A Kind of Horrible Poetry.


On the 10th September 1988 “Our Country`s Good” opened at the Royal Court Theatre. The play was set in a penal colony in Australia and featured the first wave of British convicts. Many of these criminals were convicted of minor or petty crimes, and were just considered a nuisance by the British state and shipped precisely for “our country`s good”.


Wertenbaker was intrigued by the notion that theatre, and creative expression in general can help to rehabilitate and to improve those who are otherwise considered irredeemable and of malign character. Her play focuses upon an amateur dramatic society where the stage is the penal colony and the acting roles are played by the convicts. It is a slow and agonising process but the drama helps to humanise and redeem the incarcerated and institutionalised. The belief that exposure to literature can be beneficial was revived in a recent court case.

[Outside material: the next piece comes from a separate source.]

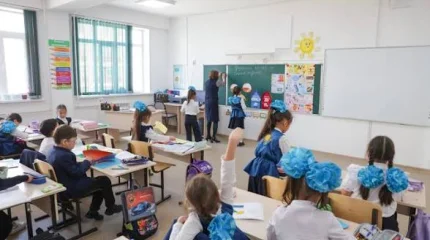 Оценки по-новому: школьников 2–4 классов ждет промежуточное оценивание с 23 сентября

The outcry that followed the Judge`s decision in the Ben John case seemed to me excessive as literary education is the best route to enlightenment. It is particularly helpful in illuminating different human experiences and it allows the reader to empathise. John is a young man of just 21, an age when many of us can develop very peculiar ideas.


John`s only crime appears to be his rather limited collection of reading materials, with very little refinement or delicacy. Nazism is an ideology that is immune to critical thought, it maintains a rather rigid view of humanity and its progress. In contrast literature helps to open hearts and minds and therefore improve human societies.


Theatre is still the greatest forum for exploring the darkest elements to human society, a concept that was clear to the dramatist Antonin Artaud. Artaud was the chief proponent and founder of the “ Theatre of Cruelty” movement. Artaud`s philosophy was that theatre should reflect all kinds of human physical experience, even in its rawest manifestations.


In 1938 he published a series of essays called “The Theatre and its Double”. He was reportedly inspired by Balinese street performance and was moved by the truths that were contained in the art that he witnessed. Most of us are not expert Theatre Practitioners but nonetheless understand instinctively the power that drama can have over us, it is almost like being put under a magic spell.


Drama when performed correctly and intuitively can lead to revelation. It is indeed a strange trick to create solid meaning from artifice. This is the concept of the “Double” that is at the centre of Artaud`s book. However he conceded that modern societies have been divested of meaning due to the decline in spiritual belief.


The situation has worsened in our contemporary world, hastened by the advent of technology which has largely replaced the wisdom of scribes. Traditional writers like Austen and Dickens may lack the political sophistication of today but they compensate with a genuine insight into human character. Both of these authors were motivated by an authentic belief in human decency, albeit in different ways. Good art can civilise us, but the remote nature of the internet can only degrade us further. We should always remember the morally transformative effects of literature.